DNA SequencingAll study participants submitted anonymous DNA samples and agreed to have their genetic data included in an online database. To catalog the variants, the researchers first sequenced the entire genome—all the DNA—of each individual in the study multiple times. The process yields the precise order of DNA’s molecular building blocks, called nucleotides. Surveying the genome in this way finds common DNA changes but misses many rare variants.

Then, to find rare variants, researchers repeatedly sequenced the small portion of the genome that contains genes—about 80 times for each participant to ensure accuracy. They looked closely for changes in the DNA sequence involving a single nucleotide, called SNPs (for singlenucleotide polymorphisms). 

Using tools developed to analyze and integrate the data, researchers discovered a total of 38 million SNPs. They also found more than one million structural variations—sections of extra or missing DNA.

SNPs and structural variants can help explain an individual’s susceptibility to disease, response to drugs or reaction to environmental factors such as air pollution or stress. Other studies have found an association between structural variants and diseases such as autism and schizophrenia.

The 1000 Genomes Project has generated massive amounts of genomic data. Simply recording the raw information took up some 180 terabytes of hard-drive space, enough to fill more than 40,000 DVDs. All of the information is freely available on the Internet through public databases.

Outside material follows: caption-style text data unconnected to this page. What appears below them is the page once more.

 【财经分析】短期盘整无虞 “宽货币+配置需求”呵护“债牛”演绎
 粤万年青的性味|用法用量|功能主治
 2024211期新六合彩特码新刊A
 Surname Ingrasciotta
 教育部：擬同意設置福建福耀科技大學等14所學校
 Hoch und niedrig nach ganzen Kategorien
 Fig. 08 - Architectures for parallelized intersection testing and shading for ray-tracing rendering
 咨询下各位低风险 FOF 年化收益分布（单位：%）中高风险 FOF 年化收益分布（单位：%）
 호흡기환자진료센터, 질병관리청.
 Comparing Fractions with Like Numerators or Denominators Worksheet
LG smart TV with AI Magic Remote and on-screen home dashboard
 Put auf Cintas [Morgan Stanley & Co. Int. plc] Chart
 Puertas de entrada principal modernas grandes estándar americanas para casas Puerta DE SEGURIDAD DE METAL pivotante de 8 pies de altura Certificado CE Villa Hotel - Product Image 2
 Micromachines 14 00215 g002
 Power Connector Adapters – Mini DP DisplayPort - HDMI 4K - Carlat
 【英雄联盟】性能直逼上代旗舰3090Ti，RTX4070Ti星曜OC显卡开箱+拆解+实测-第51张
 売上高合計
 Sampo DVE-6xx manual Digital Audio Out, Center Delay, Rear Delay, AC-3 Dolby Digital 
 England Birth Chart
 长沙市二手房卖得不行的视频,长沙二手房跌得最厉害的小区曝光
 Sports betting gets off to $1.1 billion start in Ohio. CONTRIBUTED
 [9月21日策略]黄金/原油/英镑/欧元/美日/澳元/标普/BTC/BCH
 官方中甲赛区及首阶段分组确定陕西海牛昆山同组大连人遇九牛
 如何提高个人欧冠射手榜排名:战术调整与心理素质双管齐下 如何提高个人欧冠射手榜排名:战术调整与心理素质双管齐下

“This tremendous resource builds on the knowledge of the Human Genome Project,” says co-author George Weinstock, PhD, associate director of The Genome Institute. “Scientists and, ultimately, patients worldwide will benefit from the extensive effort to understand the shared features and geographic diversity of the human genome.”

The 1000 Genomes Project involved some 200 scientists at Washington University and other institutions. Results detailing the DNA variations of individuals from 14 ethnic groups were published Oct. 31, 2012, in the journal Nature. Eventually, the initiative will involve 2,500 individuals from 26 populations.

In addition to The Genome Institute at Washington University, the project included these research centers: the Human Genome Sequencing Center at the Baylor College of Medicine, Houston; The Broad Institute of Massachusetts Institute of Technology and Harvard University in Cambridge, Mass.; the Wellcome Trust Sanger Institute in England; BGI Shenzhen in China; the Max Planck Institute for Molecular Genetics in Berlin; and Illumina Inc. in San Diego.


Q&A: THE ABCS OF DNA

What is DNA?
Deoxyribonucleic acid, or DNA, is the genetic blueprint for life. DNA carries the instructions for an organism—be it a flower, a dog or a person—to develop, survive and reproduce. DNA is passed down from parents to their offspring, and it is what makes each of us unique. Most DNA is located in the nucleus (or brain) of the cell, where it is packed tightly into 23 pairs of chromosomes. If unwound and tied together, the DNA in just one cell would stretch 6 feet. 

What are genes?
Genes are the stretches of DNA that code for proteins, the workhorses of cells. Humans have about 20,000 genes, and together they make up only 1 to 2 percent of a person’s DNA. The rest of the DNA is thought to influence the activity of the genes. 

What is a genome, and why is it studied?
A genome is the complete DNA sequence of an organism. In humans, that sequence is made up of 3 billion chemical units represented by the letters A, T, G and C. Spelling out the entire DNA sequence of a person would fill an estimated 200 New York City phone books. At the genetic level, any two people are more than 99 percent alike. By studying the genome, scientists can identify variations in the DNA sequence that may contribute to good health or increase the risk of disease.